*RECORDS TO USE:*
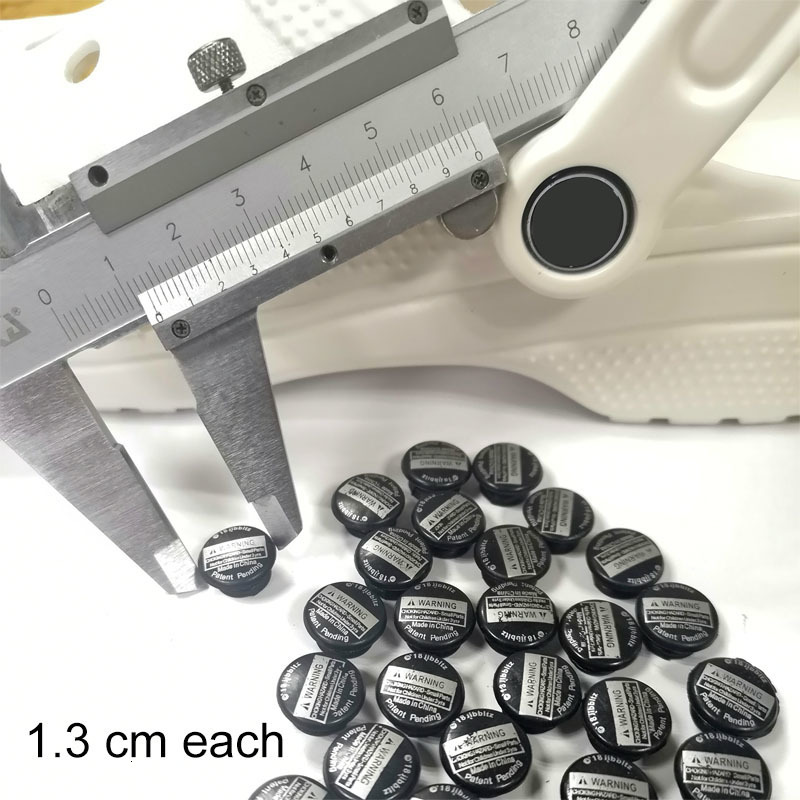 Shoe Parts Accessories 1000pcs printed plastic button high quality black buckles DIY parts accessories fit for clog sandals shoe Charms bracelets 13mm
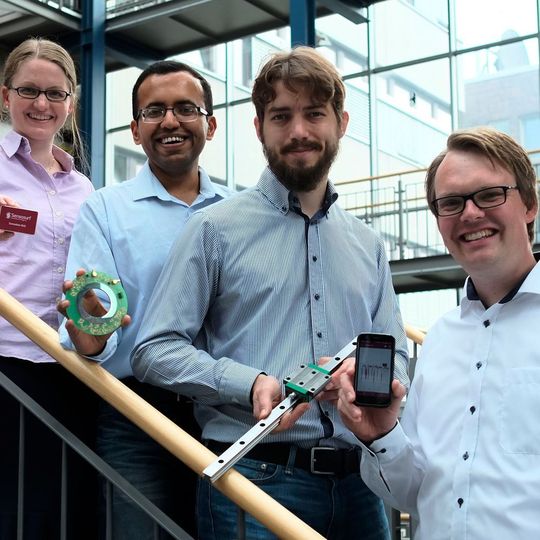 Das Kernteam des Start-ups Sensosurf mit intelligenten Bauteilen: Jette Winkelmann, Awais Khan, Martin Messmann und Dr. Cord Winkelmann. Das Kernteam des Start-ups Sensosurf mit intelligenten Bauteilen: Jette Winkelmann, Awais Khan, Martin Messmann und Dr. Cord Winkelmann.
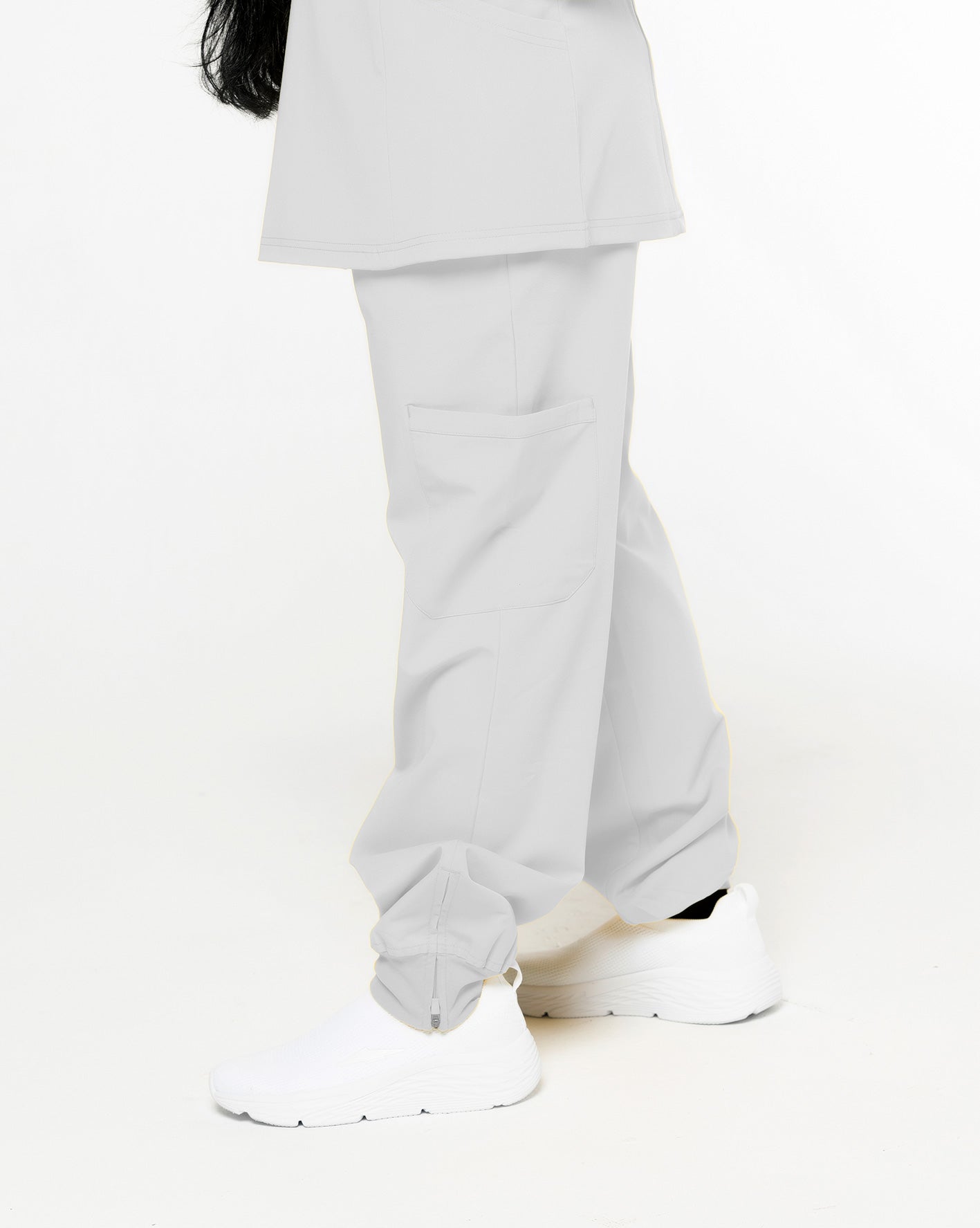 Jogger pant Classic, Versatile, Comfortable, Tailored fit, Elasticized waistband, Adjustable drawstring, Tapered legs, High-quality fabric, Durable, Everyday wear, Stylish, Casual, Polished, Modern, Effortless, Wardrobe staple, Comfortable loungewear, Timeless, Fashionable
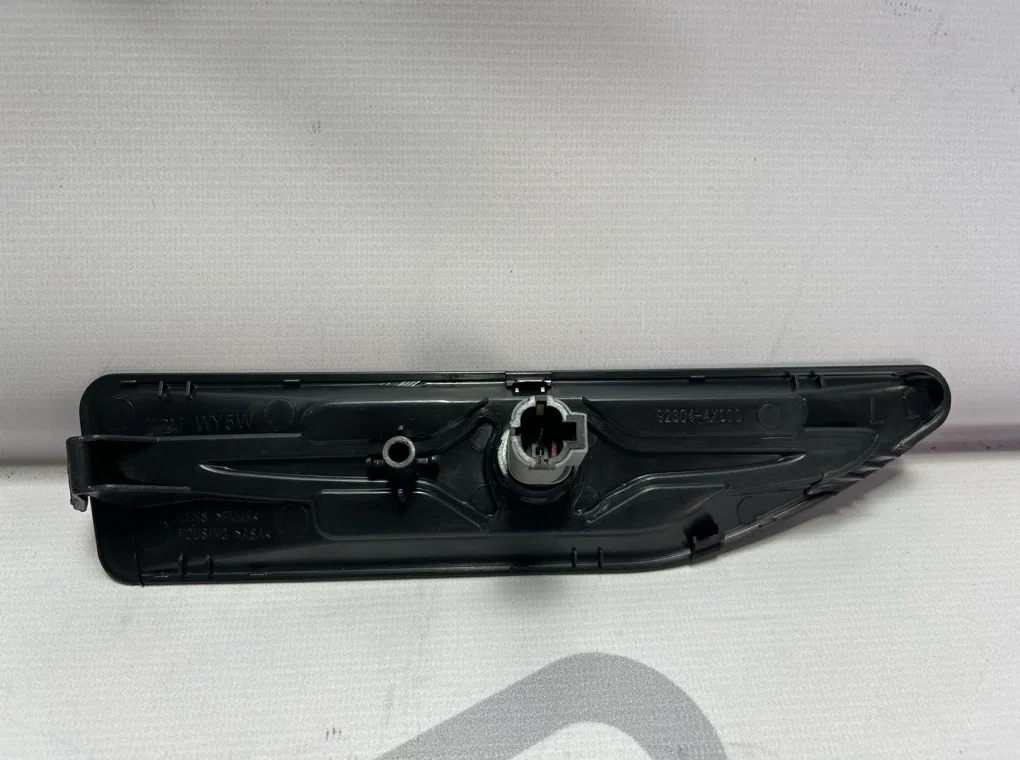 Повторитель поворота левый kia Rio 3 2010-2017 - миниатюра 6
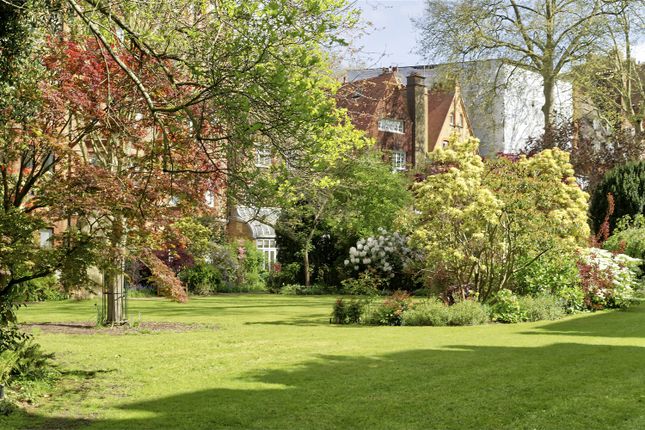 Flat for sale in Harrington Gardens, London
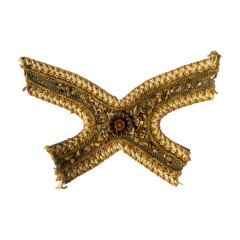 The manufacturer customizes semi-finished products of new ethnic-style beach casual shoes with stone chain woven uppers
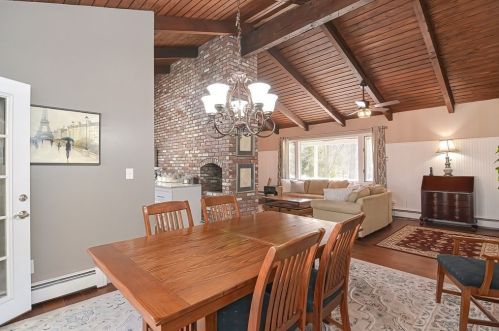 80 Lowell Dr, Stow, MA 01775-1073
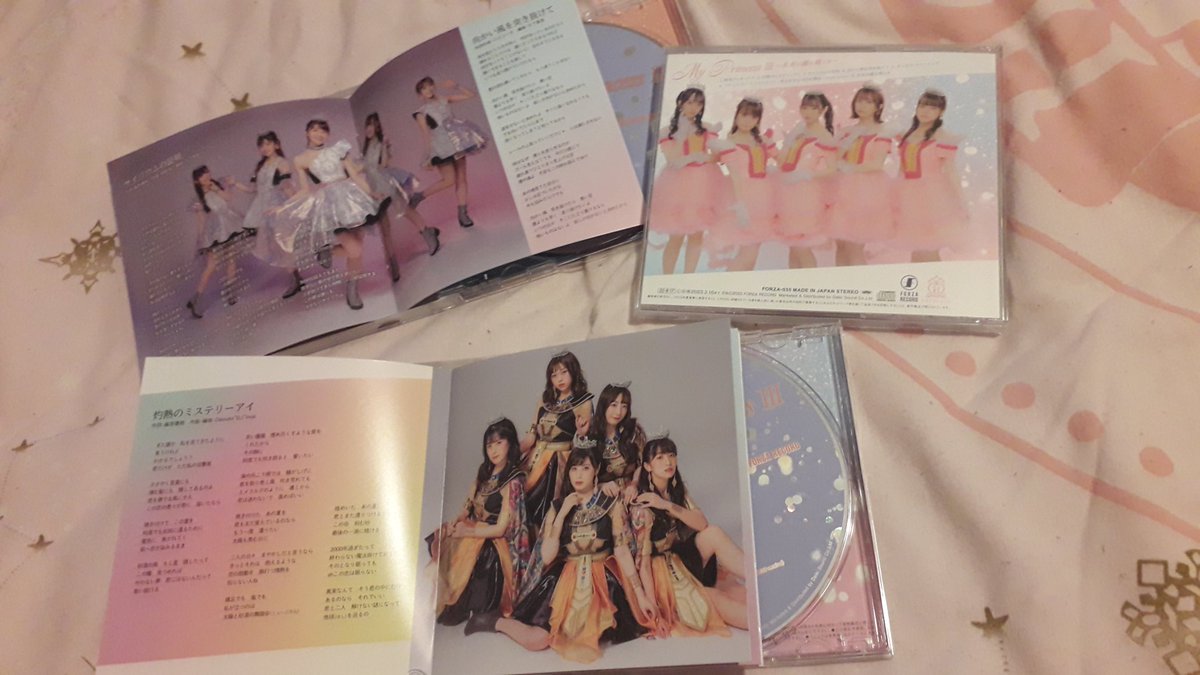 ItsKellyTimeNow's tweet photo. Part 1 of the package I got today! The Regular editions of my HouPri #MyPrincessIII CDs arrived, and so did the lottery prizes! So much Rikopin cheki! And Yuumi's message card is so sweet! I love my Rikopin signed postcards, too 🥰 #放課後プリンセス
#放プリ https://t.co/uUDFikbwxf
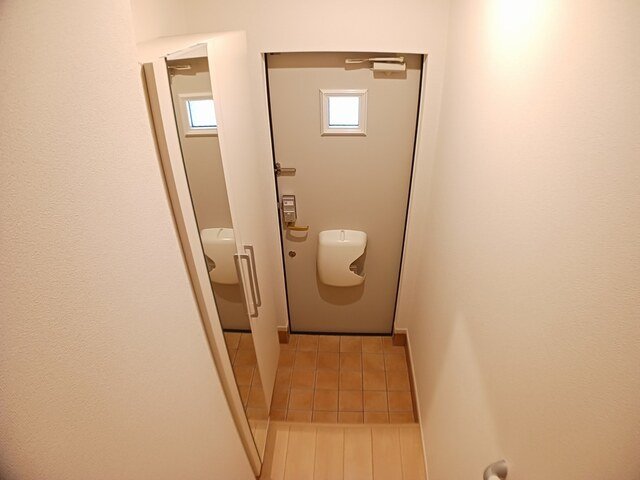 玄関　落ち着いた玄関です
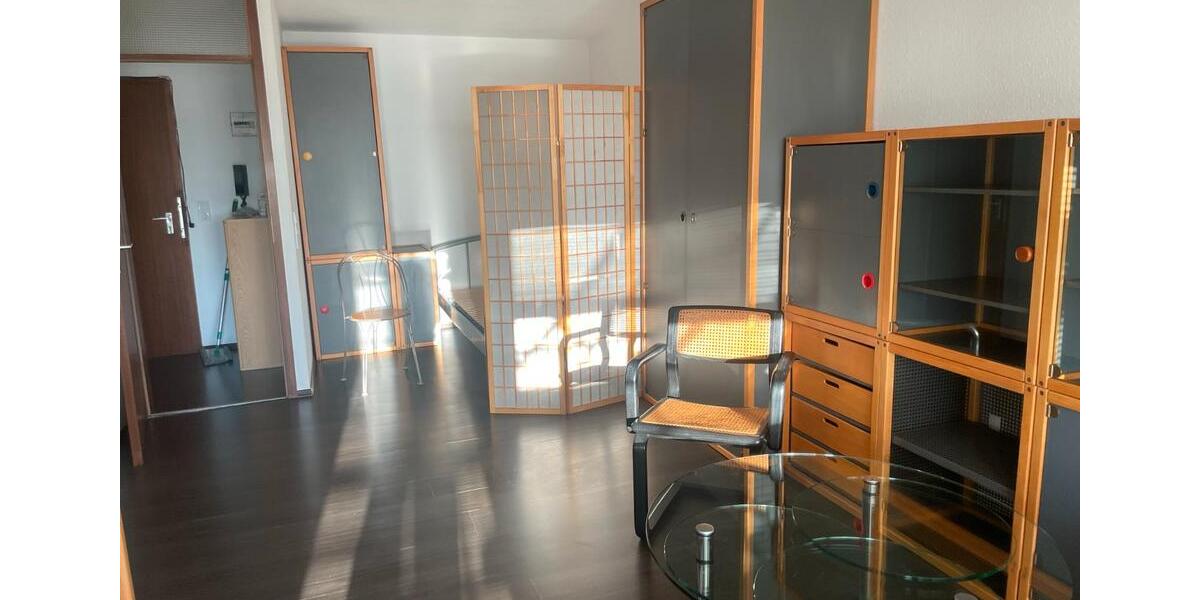 Etagenwohnung Esslingen am Neckar Pliensauvorstadt - 1 Zimmer, 38 m&sup2;, 700&euro; | Angebot:26223598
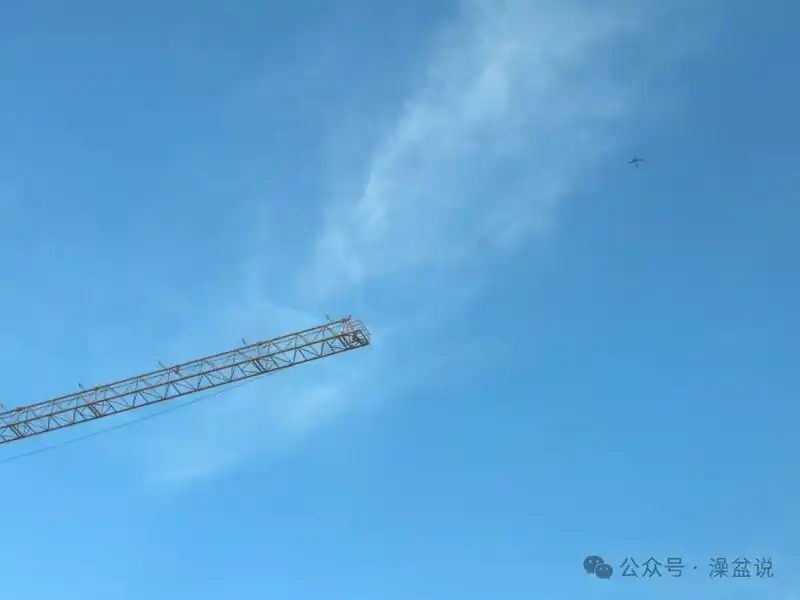 2024悄悄过去2025咻咻来了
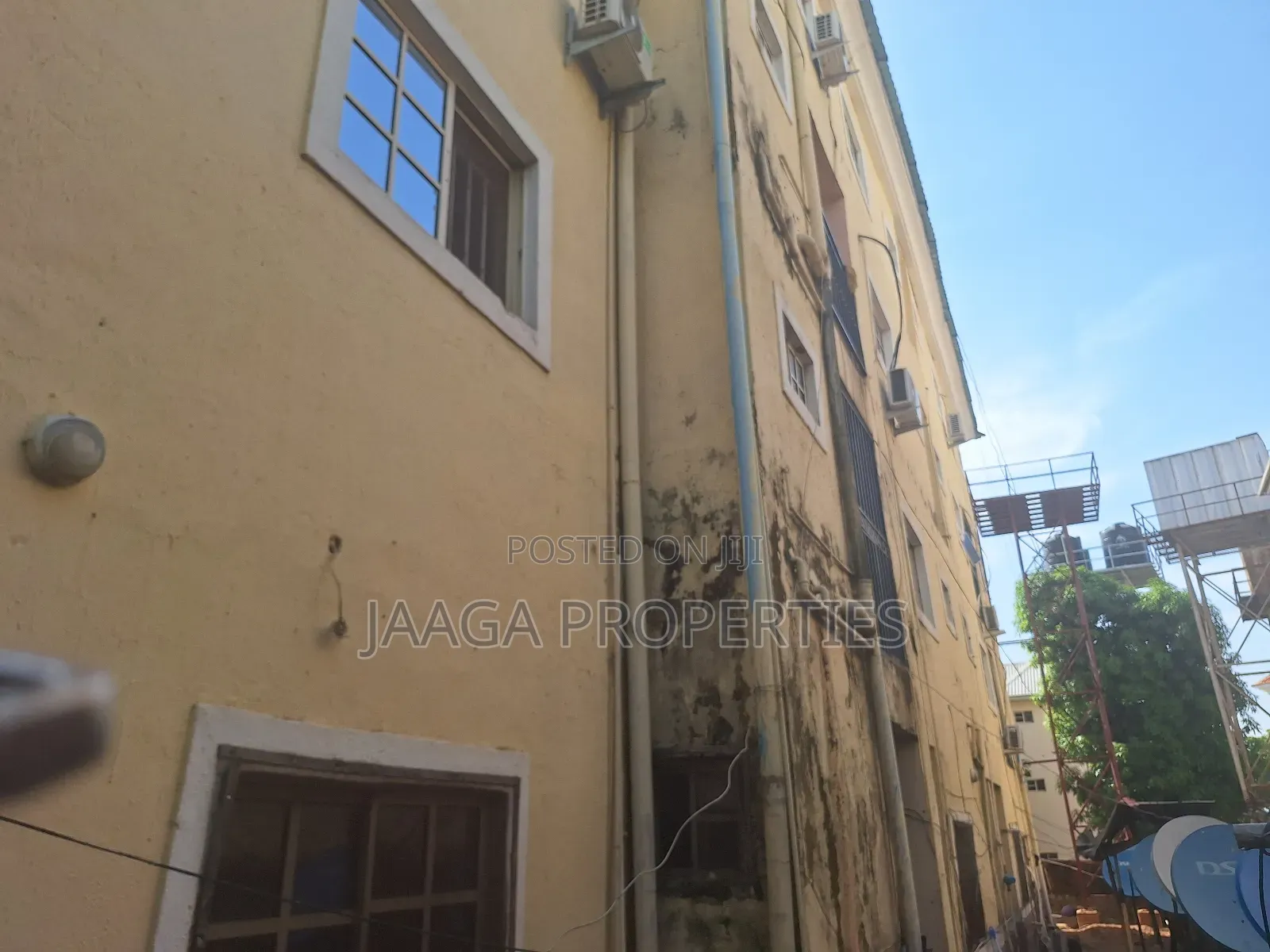 2bdrm Block of Flats in Utako for sale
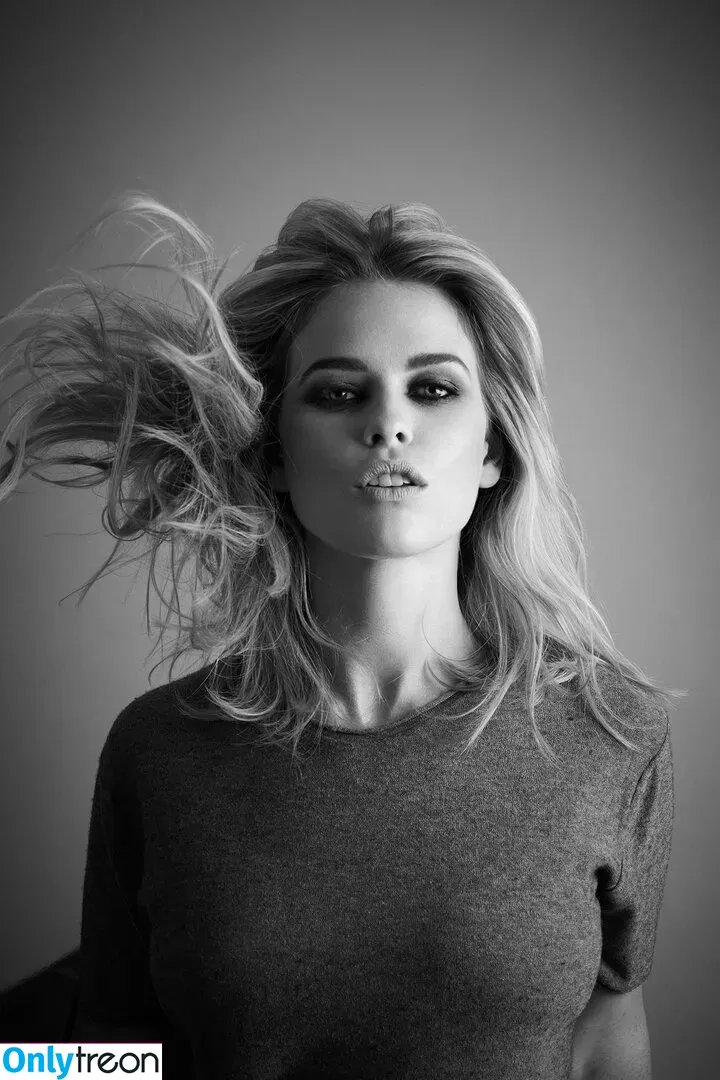 Alice Eve nude photo #0201 (aliceeve)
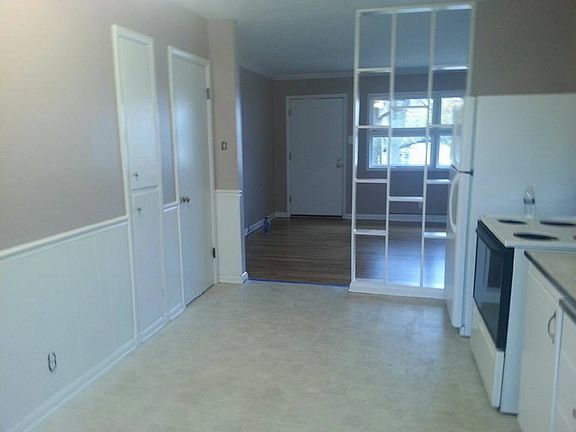 Kitchen is big eat in size, lots of cupboard and counter spa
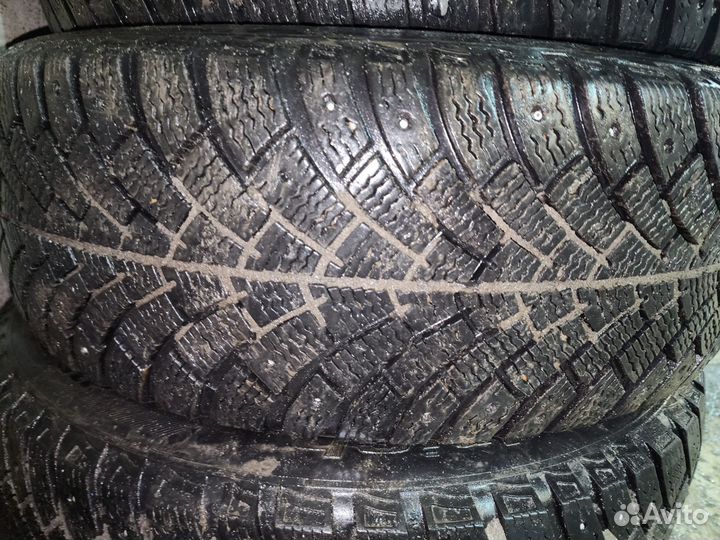 Bfgoodrich G-Force Stud 215/60 R16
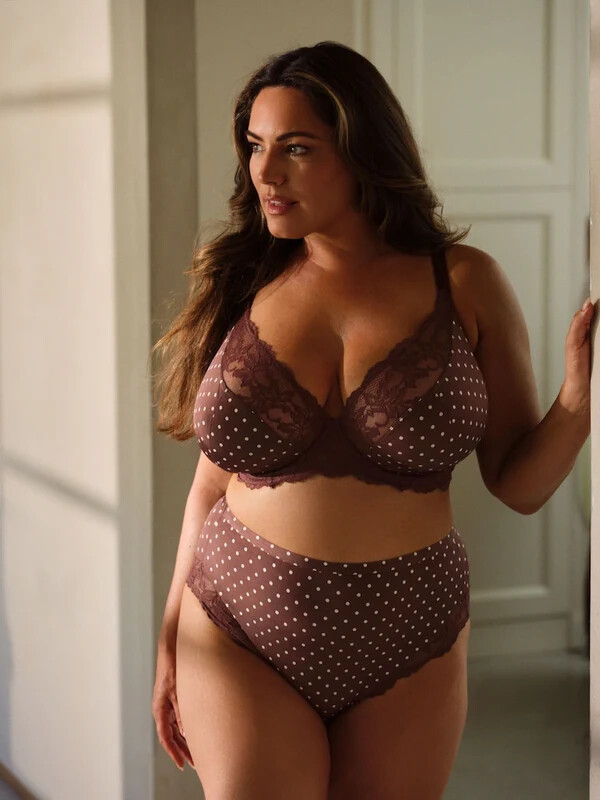 Kelly Brook nude photo 4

*PROBLEM DETAILS:*
Give again, word for word, the lines from the one containing "玄関　落ち着いた玄関です" through the last line of the entries, with pictures omitted and nothing added.

*TASK ANSWER:*
 玄関　落ち着いた玄関です
 Etagenwohnung Esslingen am Neckar Pliensauvorstadt - 1 Zimmer, 38 m&sup2;, 700&euro; | Angebot:26223598
 2024悄悄过去2025咻咻来了
 2bdrm Block of Flats in Utako for sale
 Alice Eve nude photo #0201 (aliceeve)
 Kitchen is big eat in size, lots of cupboard and counter spa
 Bfgoodrich G-Force Stud 215/60 R16
 Kelly Brook nude photo 4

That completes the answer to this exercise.